“You can kill a man, but you can’t kill an idea.” - Medgar Evers
Thanks to the work of Rep. Bennie Thompson (D-Miss.) and a few other congressman, the home of slain civil rights leader, Medgar Evers, and his wife Myrlie, is now a national monument in Jackson, Mississippi. Formerly known as Medgar Evers House, it is now the Medgar and Myrlie Evers Home National Monument, reports the Charleston Chronicle.
The home, where Medgar was fatally shot in 1963, was built in the first planned middle-class subdivision for African-Americans in Mississippi after World War II.
Medgar, who was a World War II veteran, was famously known for his work as a civil rights leader. In 1954, he became secretary of the Mississippi NAACP where he worked tirelessly to organize voter registration drives and boycotts that pushed for racial equality. On June 12, 1963, he was fatally shot outside of his family residence by a white supremacist who was not convicted of his murder until 1994.
His widow, Myrlie, continued the work of her husband as a civil rights leader and journalist who served as chairwoman of the NAACP from 1995 to 1998.
“Medgar and Myrlie Evers are heroes whose contributions to the advancement of civil rights in Mississippi and our nation cannot be overstated,” NBC News reports U.S. Sen. Roger Wicker saying in a statement. He and Mississippi Republican Sen. Cindy Hyde-Smith co-sponsored the proposal.
In 1993, the Evers family donated the three-bedroom home to the HBCU, Tougaloo College, where it was open by appointment for tours.
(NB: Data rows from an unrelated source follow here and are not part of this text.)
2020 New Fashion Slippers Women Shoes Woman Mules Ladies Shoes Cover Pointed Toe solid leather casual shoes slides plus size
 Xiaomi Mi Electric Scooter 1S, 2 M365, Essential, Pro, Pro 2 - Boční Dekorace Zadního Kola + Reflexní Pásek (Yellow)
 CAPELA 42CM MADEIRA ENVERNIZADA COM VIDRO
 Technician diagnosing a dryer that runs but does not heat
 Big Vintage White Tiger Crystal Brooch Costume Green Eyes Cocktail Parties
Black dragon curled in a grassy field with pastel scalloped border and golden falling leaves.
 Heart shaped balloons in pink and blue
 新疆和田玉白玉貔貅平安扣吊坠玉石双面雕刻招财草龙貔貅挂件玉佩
It will now be taken over by the federal government, a move that the college supports, as it prepares to become a national monument.
Ben West of the National Park Service told Mississippi Public Broadcasting that after the president officially signs the proposal, the next steps will be to work with Tougaloo College, the Evers family and local neighbors, as the project could expand to nearby houses as part of the historic district.